> _Task statement_:
The copy you return should hold only the lines from the top of the data below through the line with "Fouraide42 from Chaturbate", each duplicated exactly and with no pictures.

[Given entries]

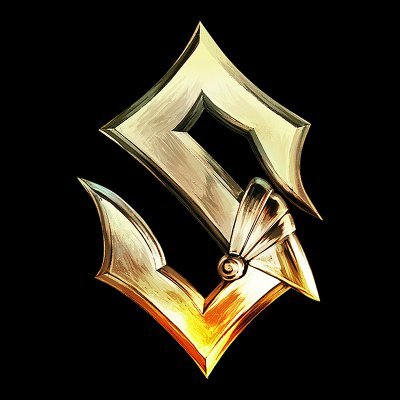 @sabaton Profile Picture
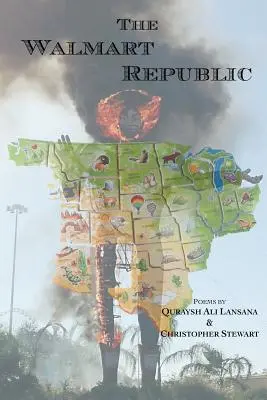 Walmartská republika - The Walmart Republic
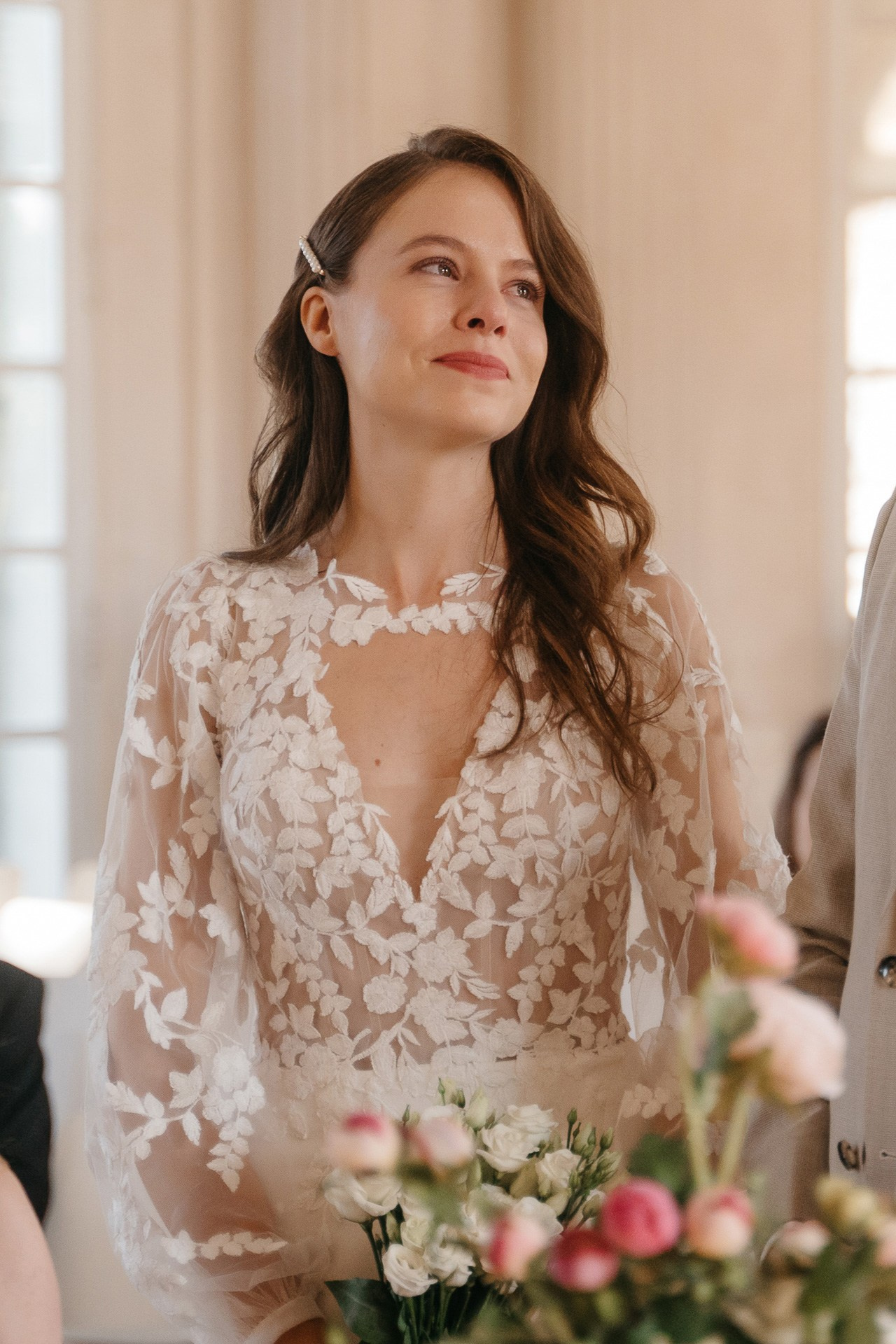 Wedding photograper — Alex Popov photography Germany, Switzerland, Italy, France. Based in Stuttgart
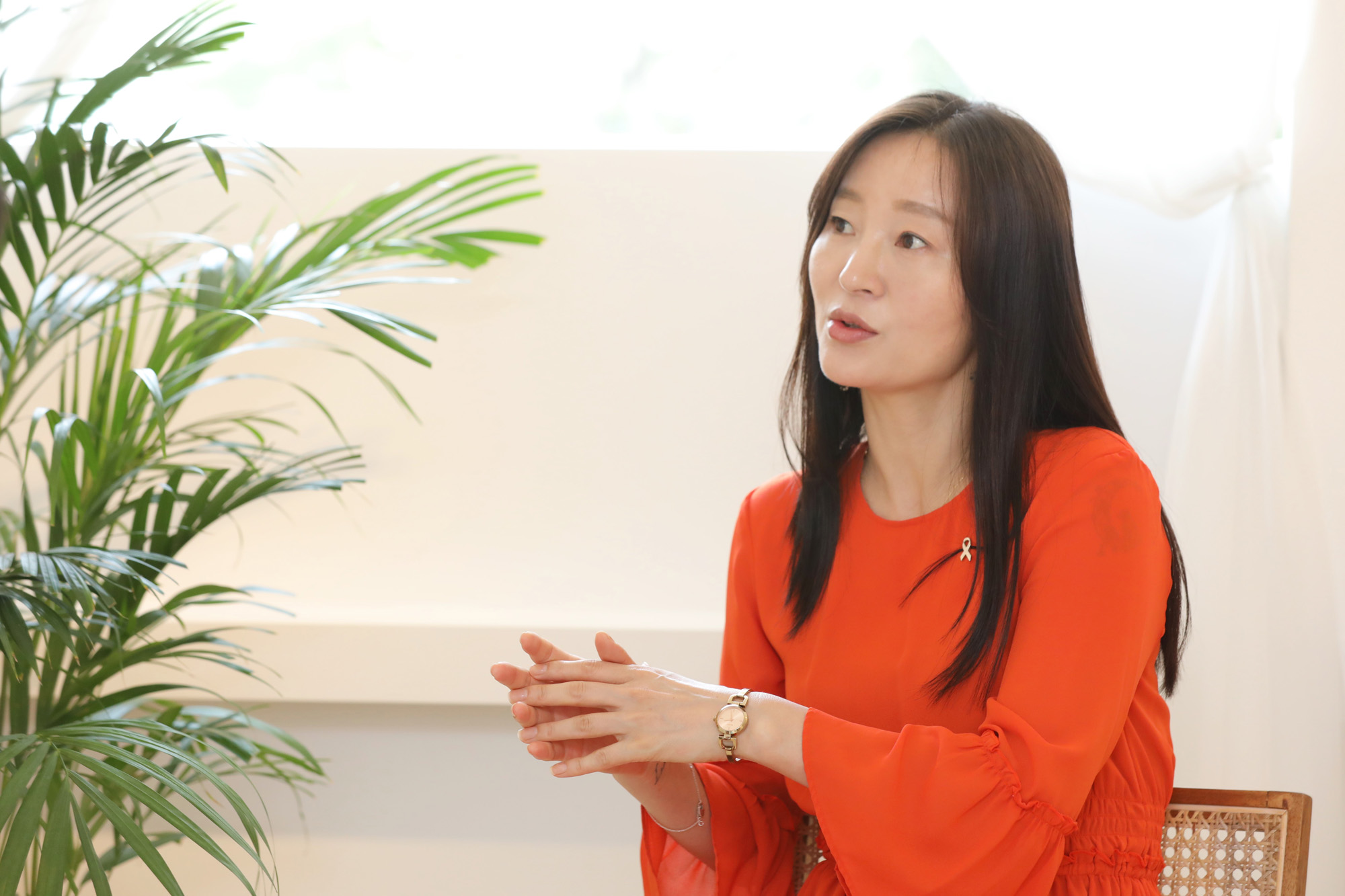 문화;우먼스플레인;이선옥작가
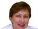 Нефролог Колина Ирина Борисовна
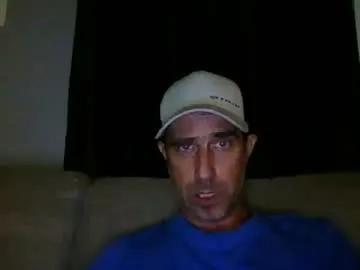 Fouraide42 from Chaturbate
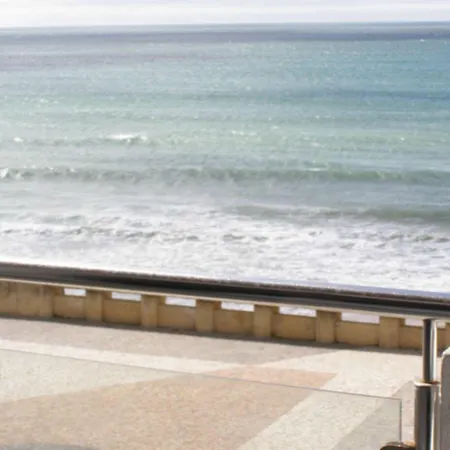 Algar Armação de Pêra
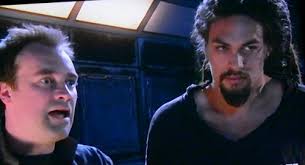 JeanLucStewart =/\= =_o 🎗 🇮🇱 🇺🇦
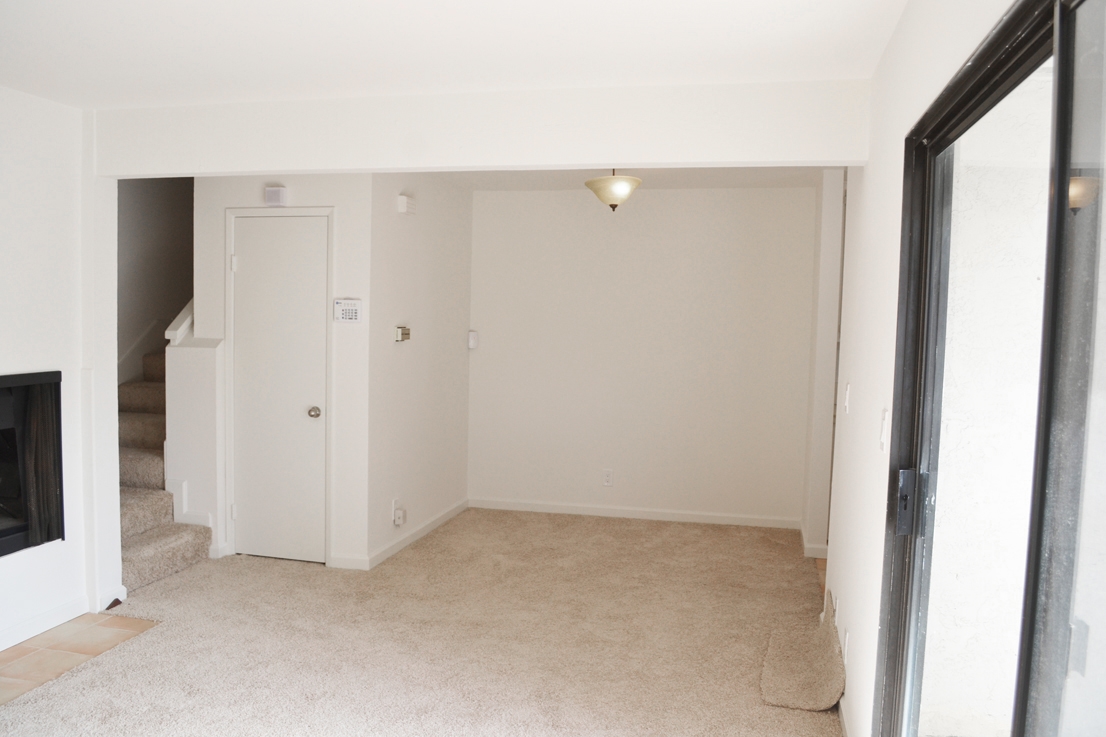 1229 Evergreen, Cardiff, CA 92007 photo 3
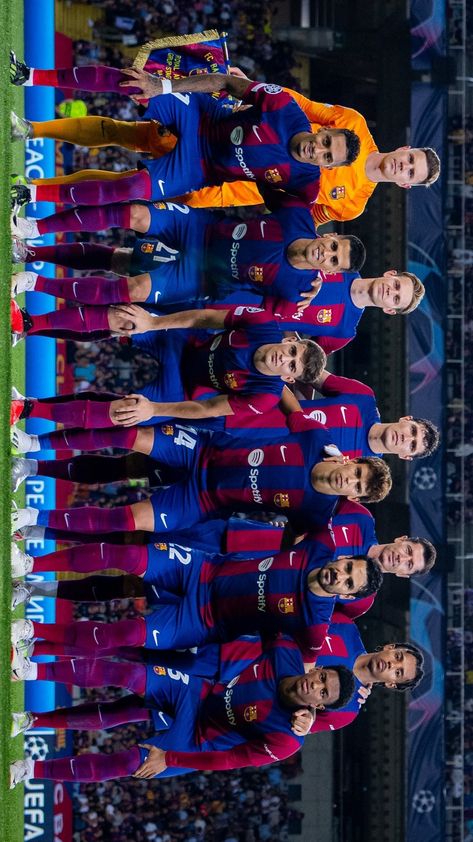 Barcelona Football Stadium, Barca Team, Barcelona 2023, Stadium Wallpaper, Fcb Barcelona, Fc Barcelona Wallpapers, David Villa, Barcelona Futbol Club, Barcelona Team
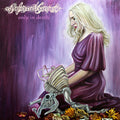 Safe and Sound — Only in Death (Vinyl) — cover artwork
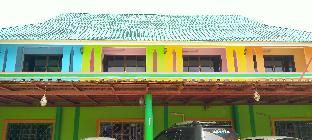 Rueang Sri Siri Guesthouse
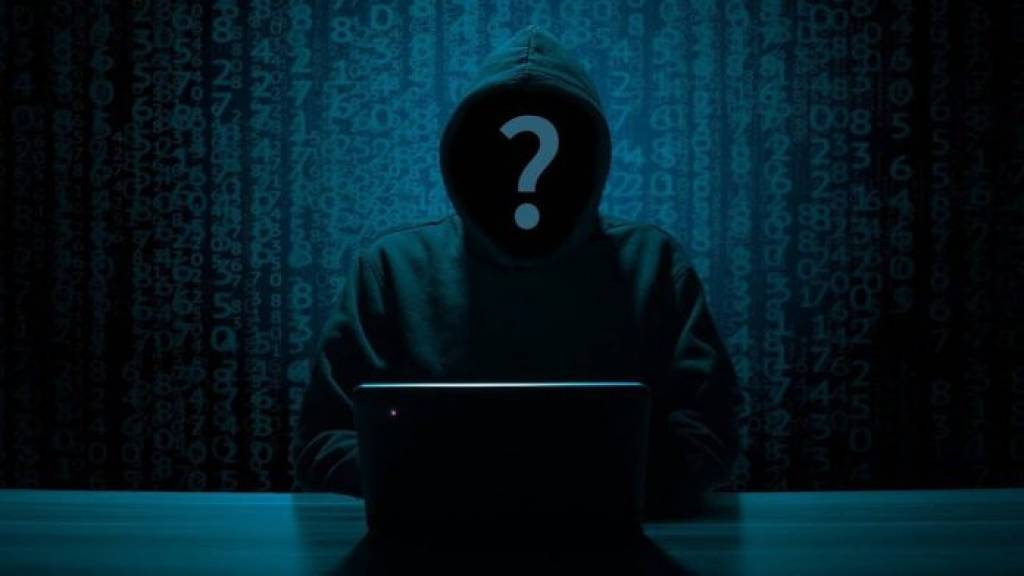 Киберфирибгарлардан огоҳ бўлинг!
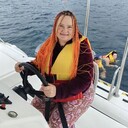 ���������� �����-���������, ���� ������� �����, 42 ����, ������������ ��� ������, ����� � ���������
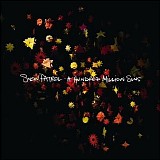 Snow Patrol - A Hundred Million Suns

[/Given entries]

> _Answer to this task_:
 @sabaton Profile Picture
 Walmartská republika - The Walmart Republic
 Wedding photograper — Alex Popov photography Germany, Switzerland, Italy, France. Based in Stuttgart
 문화;우먼스플레인;이선옥작가
 Нефролог Колина Ирина Борисовна
 Fouraide42 from Chaturbate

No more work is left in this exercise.